──────── DATA FOR THIS TASK ────────

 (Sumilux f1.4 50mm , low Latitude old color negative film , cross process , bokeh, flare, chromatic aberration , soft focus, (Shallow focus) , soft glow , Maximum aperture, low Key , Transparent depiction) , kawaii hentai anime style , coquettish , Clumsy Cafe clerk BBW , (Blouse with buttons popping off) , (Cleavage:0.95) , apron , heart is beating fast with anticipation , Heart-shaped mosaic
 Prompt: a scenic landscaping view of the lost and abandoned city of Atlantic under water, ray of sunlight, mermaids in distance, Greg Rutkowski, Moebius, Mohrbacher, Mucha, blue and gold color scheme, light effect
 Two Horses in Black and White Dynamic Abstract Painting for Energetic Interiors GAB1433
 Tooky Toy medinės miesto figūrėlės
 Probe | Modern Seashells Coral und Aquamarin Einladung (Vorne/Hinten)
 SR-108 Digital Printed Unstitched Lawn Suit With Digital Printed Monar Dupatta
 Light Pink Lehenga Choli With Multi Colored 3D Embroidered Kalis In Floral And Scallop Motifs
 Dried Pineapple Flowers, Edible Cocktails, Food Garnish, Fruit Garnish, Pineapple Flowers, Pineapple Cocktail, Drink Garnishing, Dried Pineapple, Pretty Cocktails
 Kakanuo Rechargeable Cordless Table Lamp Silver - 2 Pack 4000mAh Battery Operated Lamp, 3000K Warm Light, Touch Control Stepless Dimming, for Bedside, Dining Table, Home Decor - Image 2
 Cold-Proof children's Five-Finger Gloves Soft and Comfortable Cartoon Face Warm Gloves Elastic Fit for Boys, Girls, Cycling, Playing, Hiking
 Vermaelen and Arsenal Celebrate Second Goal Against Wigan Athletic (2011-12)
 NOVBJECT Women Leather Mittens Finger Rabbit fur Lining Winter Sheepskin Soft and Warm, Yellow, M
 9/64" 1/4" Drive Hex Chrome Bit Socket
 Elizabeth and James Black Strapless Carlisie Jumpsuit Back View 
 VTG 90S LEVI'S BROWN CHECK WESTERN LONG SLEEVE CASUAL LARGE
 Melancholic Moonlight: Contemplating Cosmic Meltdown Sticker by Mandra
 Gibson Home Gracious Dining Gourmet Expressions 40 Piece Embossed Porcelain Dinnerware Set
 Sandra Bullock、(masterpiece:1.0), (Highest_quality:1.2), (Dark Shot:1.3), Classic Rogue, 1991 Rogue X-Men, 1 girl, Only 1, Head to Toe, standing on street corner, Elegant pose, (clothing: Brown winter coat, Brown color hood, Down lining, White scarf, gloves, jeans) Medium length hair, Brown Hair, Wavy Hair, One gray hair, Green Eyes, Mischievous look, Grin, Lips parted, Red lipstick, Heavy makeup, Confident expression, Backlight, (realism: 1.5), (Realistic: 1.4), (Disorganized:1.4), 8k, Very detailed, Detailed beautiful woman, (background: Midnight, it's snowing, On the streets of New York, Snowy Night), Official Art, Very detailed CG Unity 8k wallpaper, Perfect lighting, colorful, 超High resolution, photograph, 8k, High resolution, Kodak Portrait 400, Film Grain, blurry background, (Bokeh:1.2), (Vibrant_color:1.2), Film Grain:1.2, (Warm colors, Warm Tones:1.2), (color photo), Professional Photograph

────────

TASK DETAILS
Beginning at the line above with "Light Pink Lehenga" and finishing at the line with "Vermaelen and Arsenal", return each line exactly and return nothing else.

TASK RESULT
 Light Pink Lehenga Choli With Multi Colored 3D Embroidered Kalis In Floral And Scallop Motifs
 Dried Pineapple Flowers, Edible Cocktails, Food Garnish, Fruit Garnish, Pineapple Flowers, Pineapple Cocktail, Drink Garnishing, Dried Pineapple, Pretty Cocktails
 Kakanuo Rechargeable Cordless Table Lamp Silver - 2 Pack 4000mAh Battery Operated Lamp, 3000K Warm Light, Touch Control Stepless Dimming, for Bedside, Dining Table, Home Decor - Image 2
 Cold-Proof children's Five-Finger Gloves Soft and Comfortable Cartoon Face Warm Gloves Elastic Fit for Boys, Girls, Cycling, Playing, Hiking
 Vermaelen and Arsenal Celebrate Second Goal Against Wigan Athletic (2011-12)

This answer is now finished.